George Bissett

Personal information
- Full name: George Bissett
- Date of birth: 25 January 1896
- Place of birth: Cowdenbeath, Scotland
- Date of death: 1946 (aged 49–50)
- Height: 5 ft 7 in (1.70 m)
- Position(s): Forward

Youth career
- Glencraig Thistle

Senior career*
- Years: Team / Apps / (Gls)
- 1916–1919: Third Lanark / 59 / (8)
- 1919–1921: Manchester United / 40 / (10)
- 1921–1924: Wolverhampton Wanderers / 41 / (10)
- 1924: Pontypridd
- 1924–1926: Southend United

= George Bissett (footballer) =

Scottish footballer

George Bissett (25 January 1896 – 1946) was a Scottish footballer who played as a forward, most notably for Manchester United and Wolverhampton Wanderers.

==Career==
Born in Cowdenbeath, Bissett played for Glencraig Thistle and Third Lanark in his native Scotland before moving to Manchester United in 1919. He made his Football League debut on 15 November 1919 in a 1–0 loss at Burnley and remained at Old Trafford for two years, scoring 10 goals in 42 appearances.

In November 1921, he transferred to Wolverhampton Wanderers, where he made his debut on 3 December 1921 in a 2–0 win at Port Vale.
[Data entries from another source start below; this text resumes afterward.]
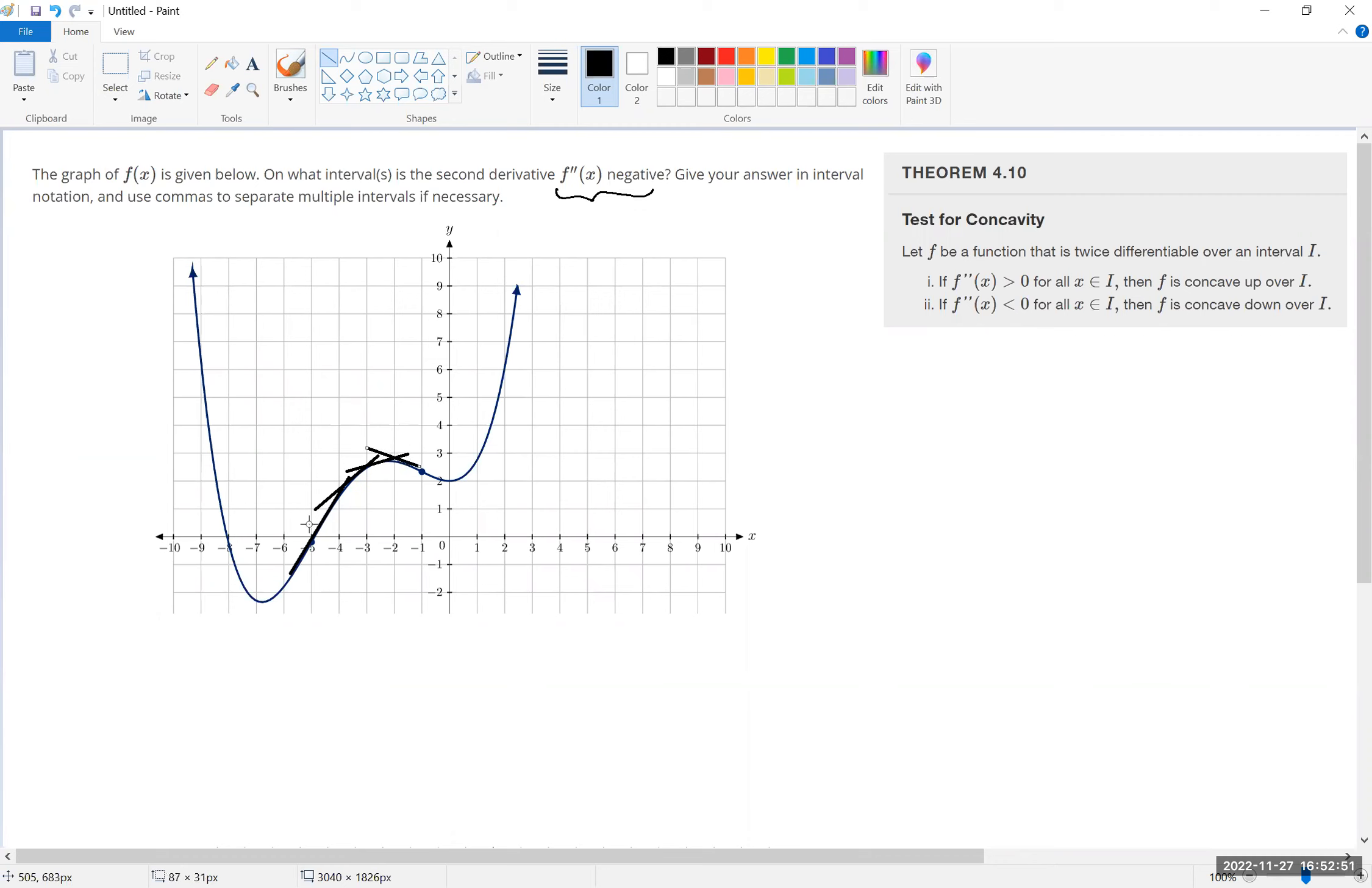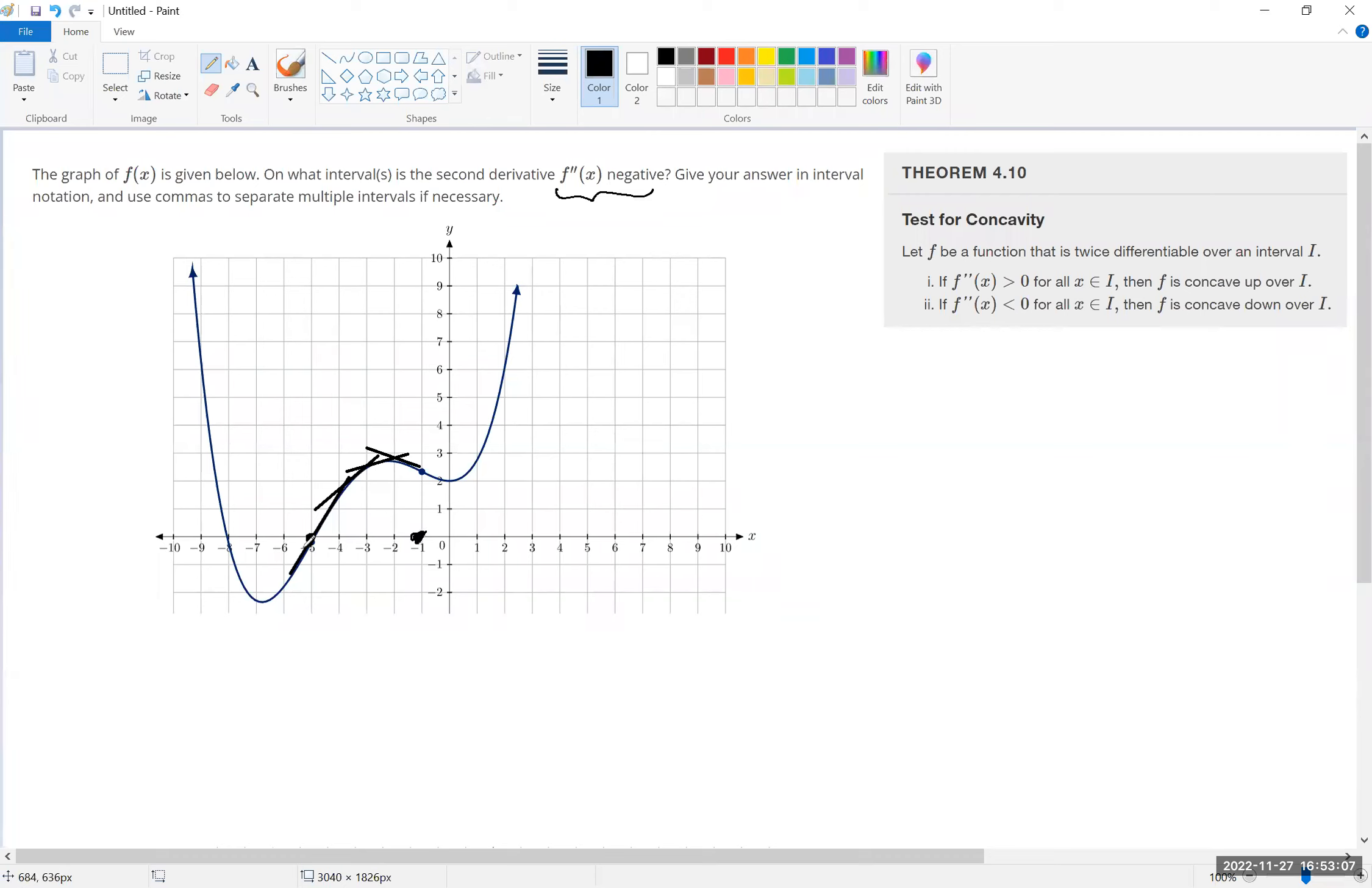And that is why the interval on which the second derivative is negative is from negative five to negative one. It turns out that if the second derivative is actually this one is decreasing...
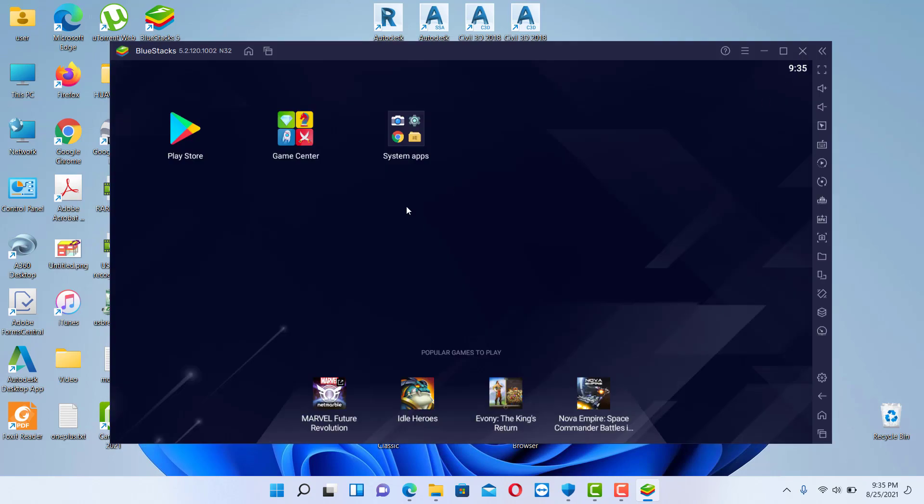So basically this will run like an Android. You have the Play Store over here, you will need to create an account and you will need to download the game that you already want to.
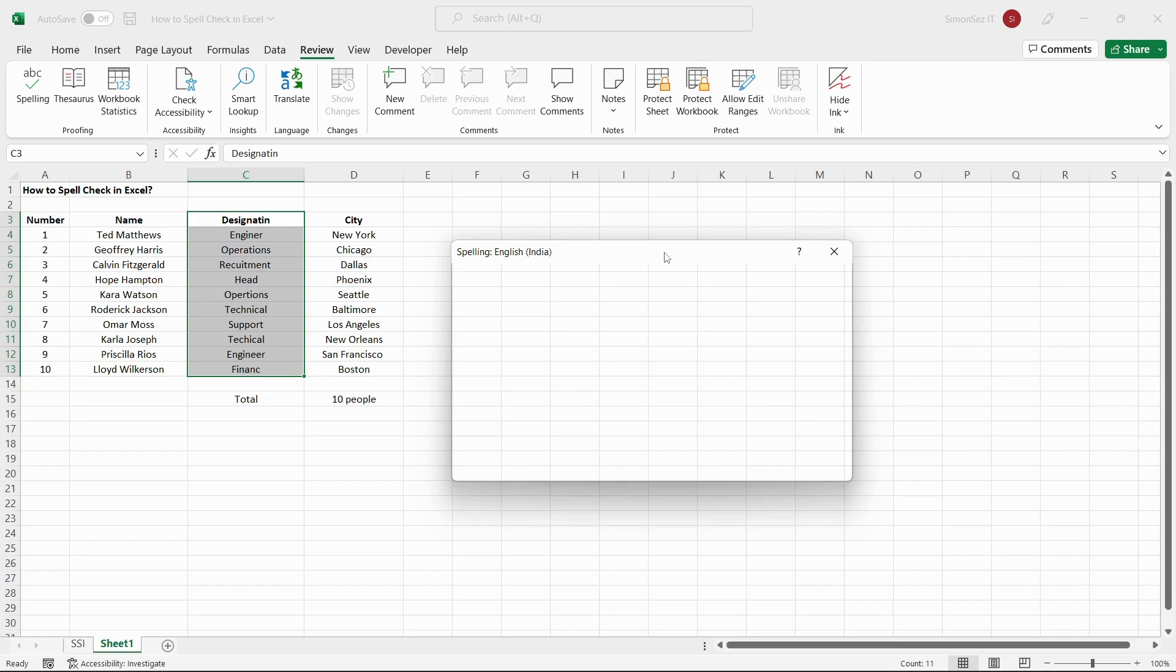If you're a person who is more accustomed to using a keyboard, you can use the keyboard shortcut keys to spell check easily and efficiently.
He remained a first choice player for the remainder of the season, scoring nine times in 29 games. However, the appointment of George Jobey as manager during the 1922–23 season saw Bissett's opportunities decline and he featured only sporadically in that campaign.

He left to join Welsh League club Pontypridd in January 1924, but moved to Southend United four months later before retiring in 1926. He died in 1946.